===== Provided data

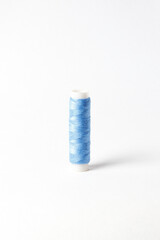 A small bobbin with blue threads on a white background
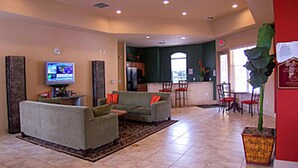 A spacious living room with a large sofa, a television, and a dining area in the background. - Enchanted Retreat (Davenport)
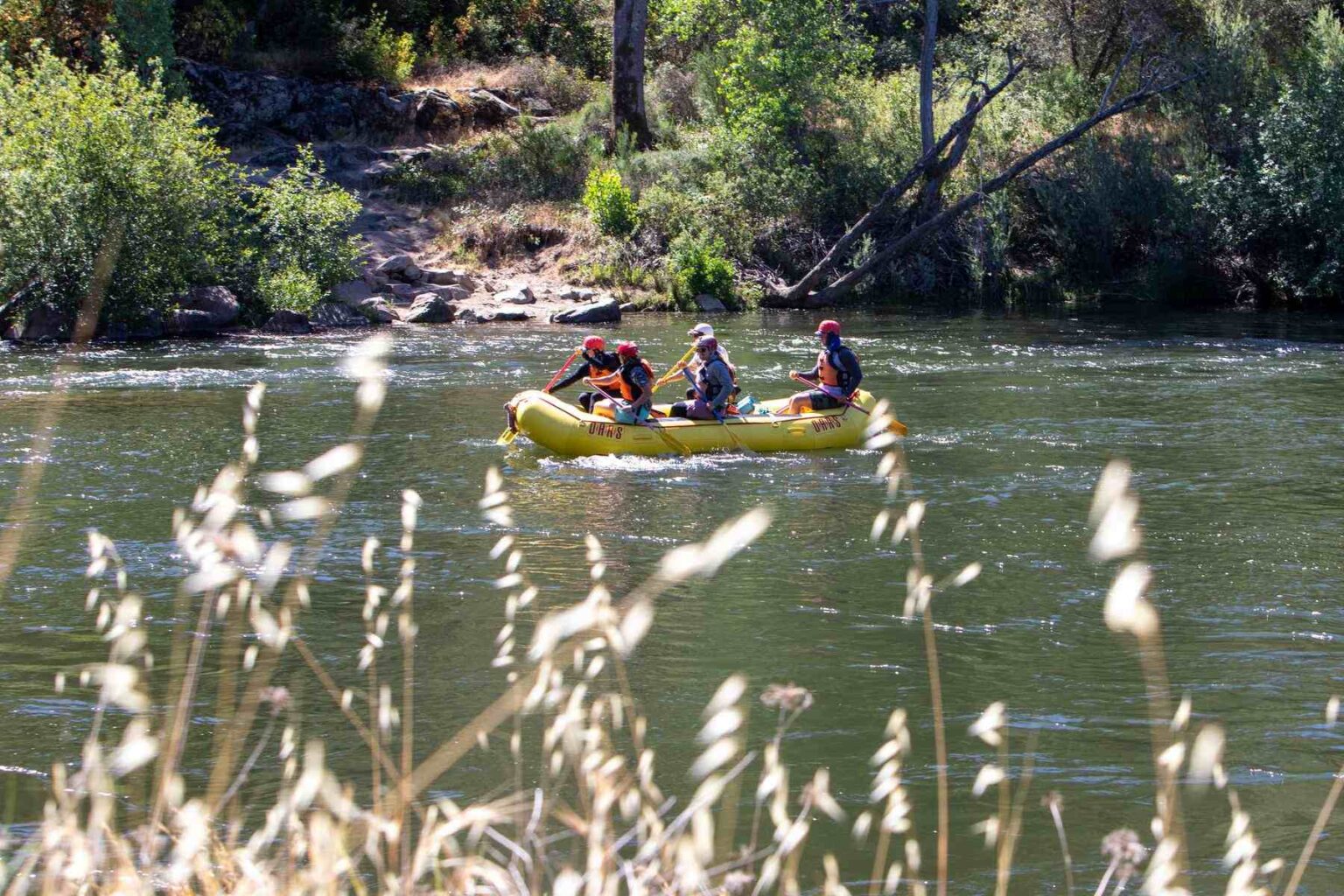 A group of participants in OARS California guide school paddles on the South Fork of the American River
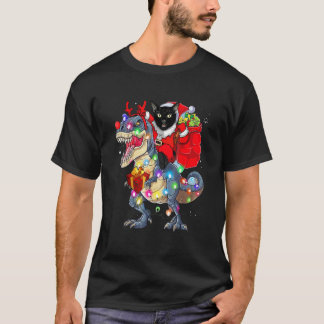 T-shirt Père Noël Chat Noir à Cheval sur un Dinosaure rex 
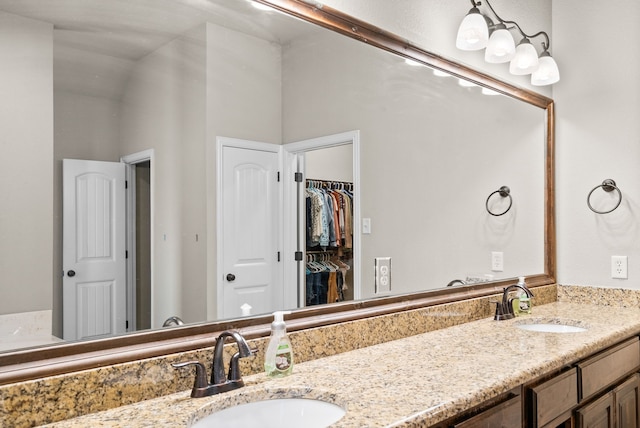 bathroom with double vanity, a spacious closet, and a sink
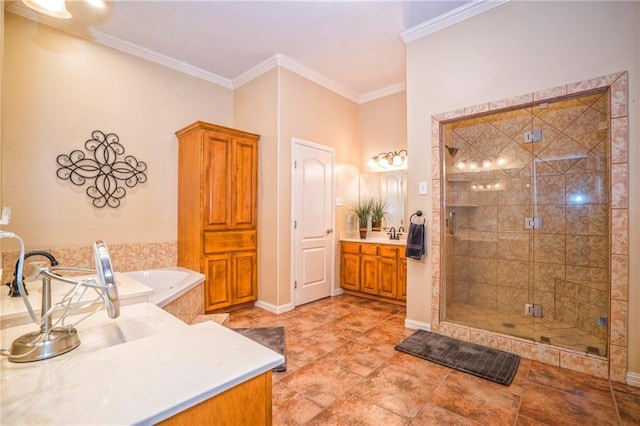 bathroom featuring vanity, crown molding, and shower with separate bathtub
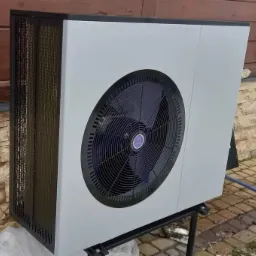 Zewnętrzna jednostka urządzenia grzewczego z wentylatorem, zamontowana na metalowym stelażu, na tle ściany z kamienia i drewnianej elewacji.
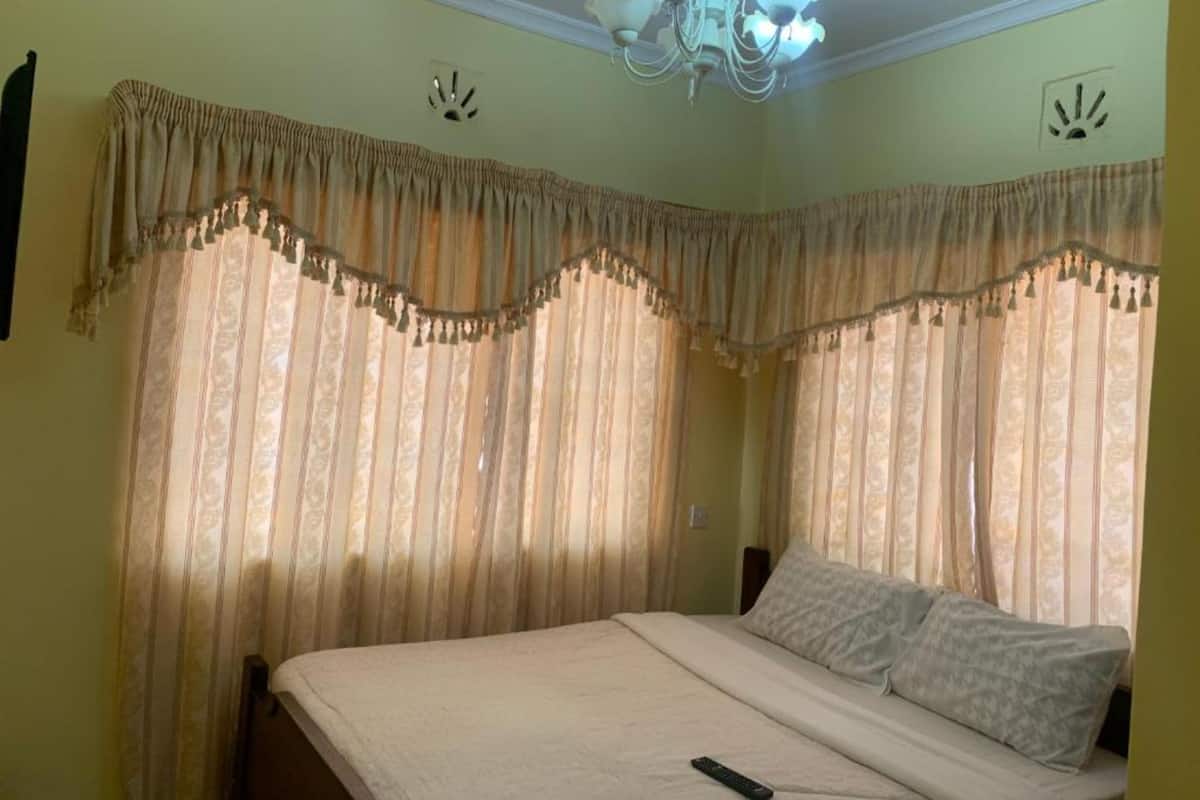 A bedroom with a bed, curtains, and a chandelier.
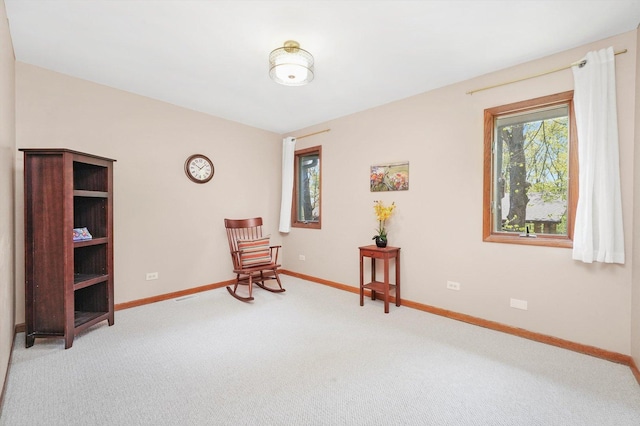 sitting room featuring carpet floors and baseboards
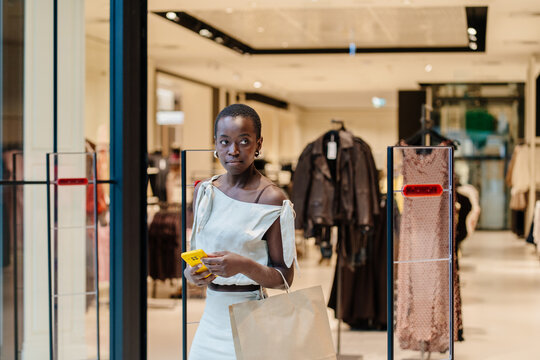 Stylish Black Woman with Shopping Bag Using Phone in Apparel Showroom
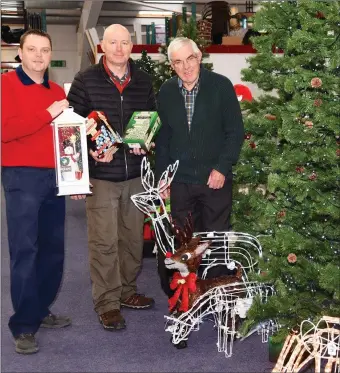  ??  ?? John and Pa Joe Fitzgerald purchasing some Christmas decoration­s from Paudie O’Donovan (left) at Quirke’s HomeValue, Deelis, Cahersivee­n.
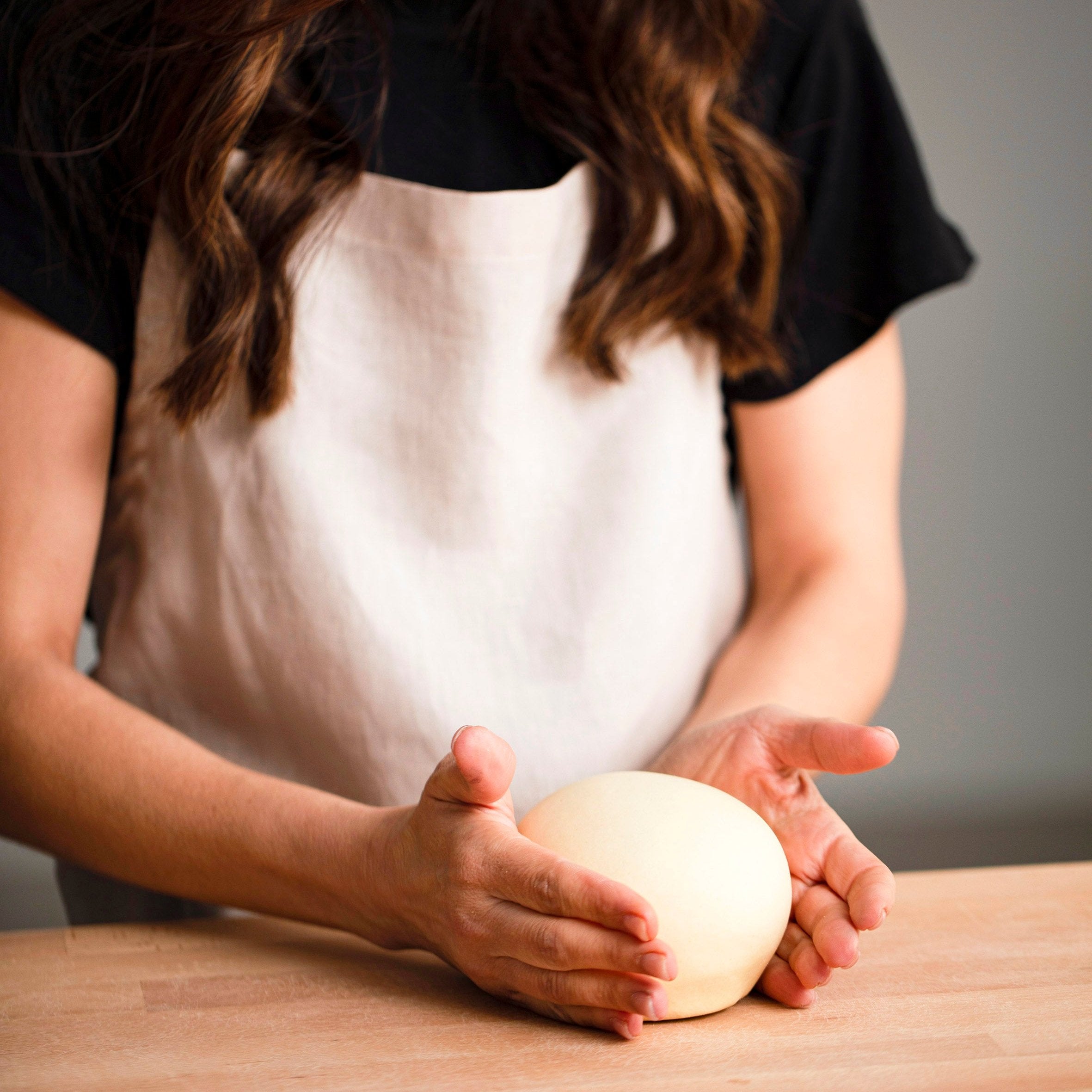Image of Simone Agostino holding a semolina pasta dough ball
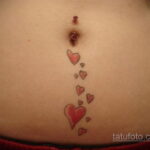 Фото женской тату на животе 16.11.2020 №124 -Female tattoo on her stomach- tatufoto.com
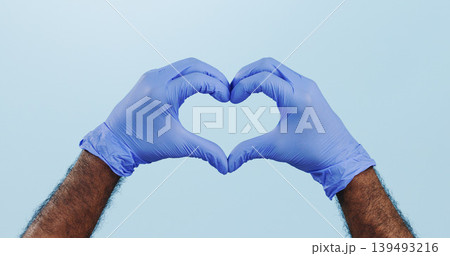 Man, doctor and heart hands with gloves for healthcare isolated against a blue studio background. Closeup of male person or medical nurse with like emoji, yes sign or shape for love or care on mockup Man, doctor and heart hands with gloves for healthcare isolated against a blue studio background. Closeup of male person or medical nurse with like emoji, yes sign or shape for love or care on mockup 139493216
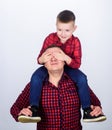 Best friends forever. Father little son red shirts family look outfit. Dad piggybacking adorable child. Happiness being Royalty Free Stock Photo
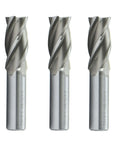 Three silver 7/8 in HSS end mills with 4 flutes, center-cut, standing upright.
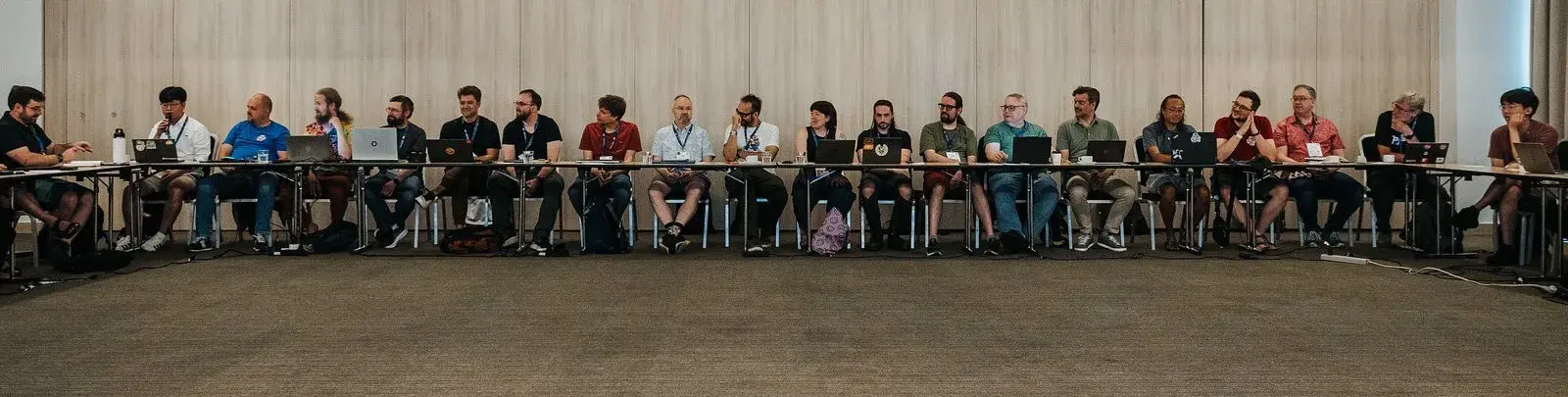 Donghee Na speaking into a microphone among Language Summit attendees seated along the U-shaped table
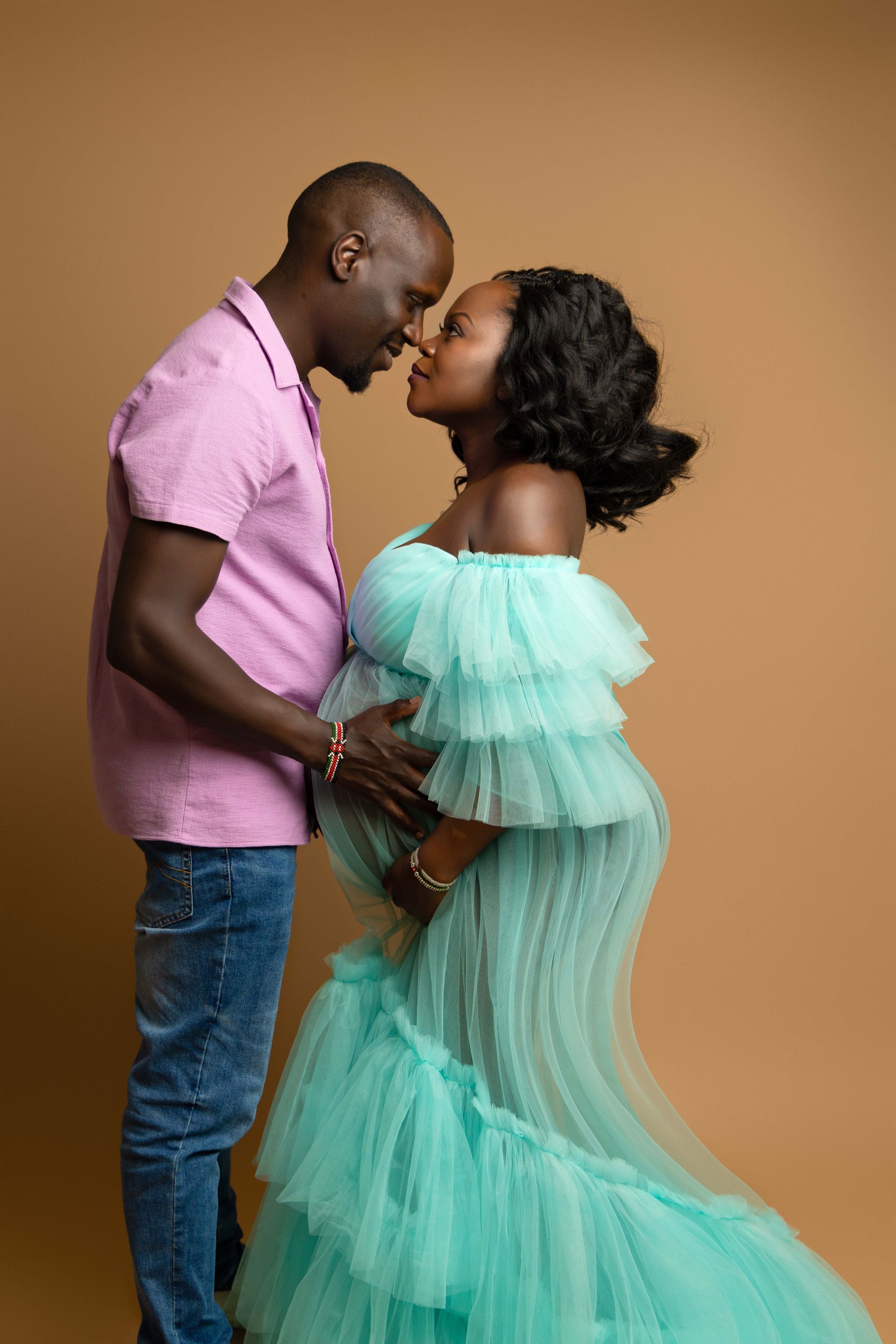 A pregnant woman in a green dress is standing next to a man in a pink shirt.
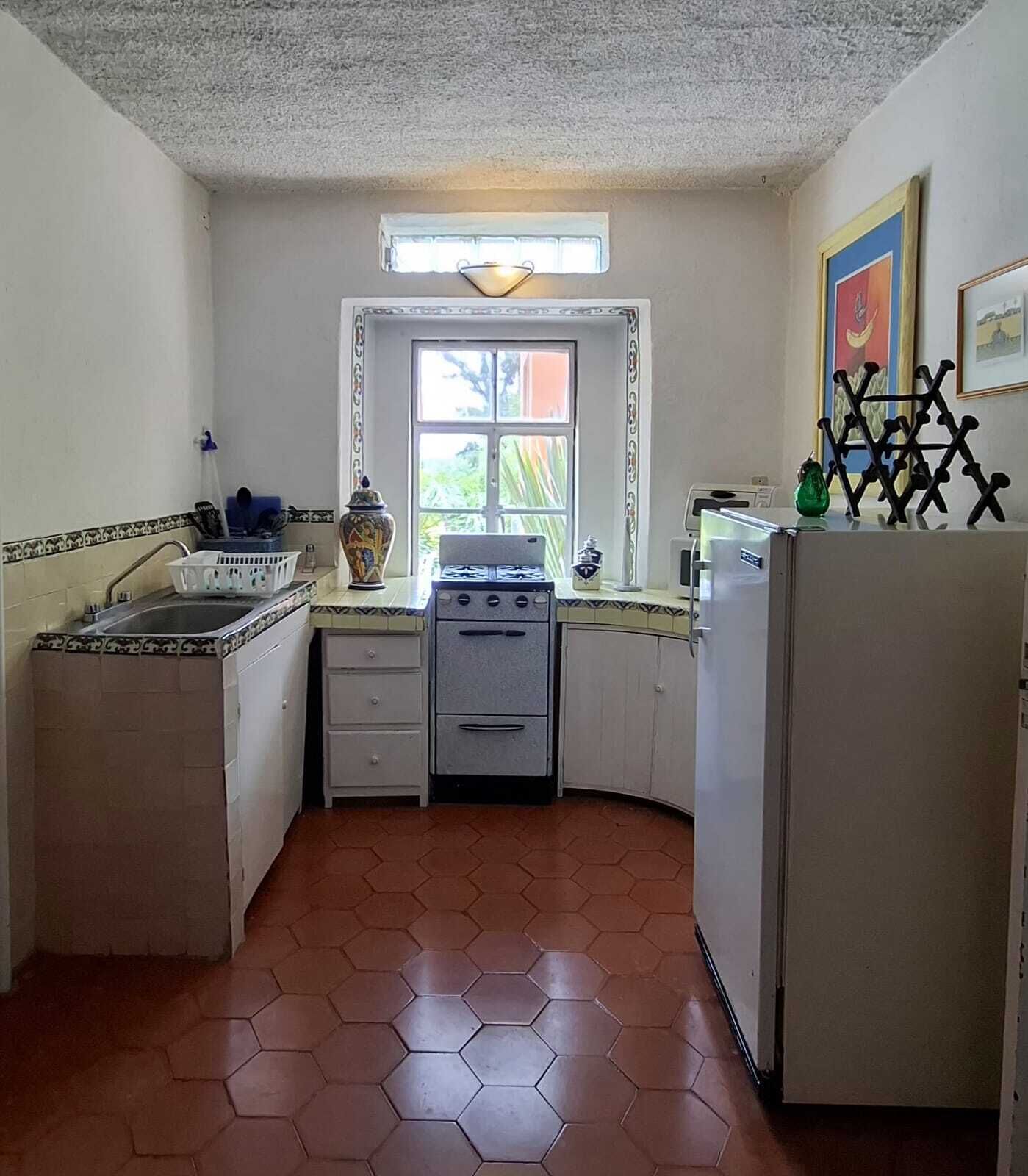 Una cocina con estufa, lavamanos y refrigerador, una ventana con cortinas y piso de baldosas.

==========

*Exercise prompt*.
From the first line to the last, retype the data exactly, but omit every image.

*Output for this exercise*.
 A small bobbin with blue threads on a white background
 A spacious living room with a large sofa, a television, and a dining area in the background. - Enchanted Retreat (Davenport)
 A group of participants in OARS California guide school paddles on the South Fork of the American River
 T-shirt Père Noël Chat Noir à Cheval sur un Dinosaure rex 
 bathroom with double vanity, a spacious closet, and a sink
 bathroom featuring vanity, crown molding, and shower with separate bathtub
 Zewnętrzna jednostka urządzenia grzewczego z wentylatorem, zamontowana na metalowym stelażu, na tle ściany z kamienia i drewnianej elewacji.
 A bedroom with a bed, curtains, and a chandelier.
 sitting room featuring carpet floors and baseboards
 Stylish Black Woman with Shopping Bag Using Phone in Apparel Showroom
  ??  ?? John and Pa Joe Fitzgerald purchasing some Christmas decoration­s from Paudie O’Donovan (left) at Quirke’s HomeValue, Deelis, Cahersivee­n.
Image of Simone Agostino holding a semolina pasta dough ball
 Фото женской тату на животе 16.11.2020 №124 -Female tattoo on her stomach- tatufoto.com
 Man, doctor and heart hands with gloves for healthcare isolated against a blue studio background. Closeup of male person or medical nurse with like emoji, yes sign or shape for love or care on mockup Man, doctor and heart hands with gloves for healthcare isolated against a blue studio background. Closeup of male person or medical nurse with like emoji, yes sign or shape for love or care on mockup 139493216
 Best friends forever. Father little son red shirts family look outfit. Dad piggybacking adorable child. Happiness being Royalty Free Stock Photo
 Three silver 7/8 in HSS end mills with 4 flutes, center-cut, standing upright.
 Donghee Na speaking into a microphone among Language Summit attendees seated along the U-shaped table
 A pregnant woman in a green dress is standing next to a man in a pink shirt.
 Una cocina con estufa, lavamanos y refrigerador, una ventana con cortinas y piso de baldosas.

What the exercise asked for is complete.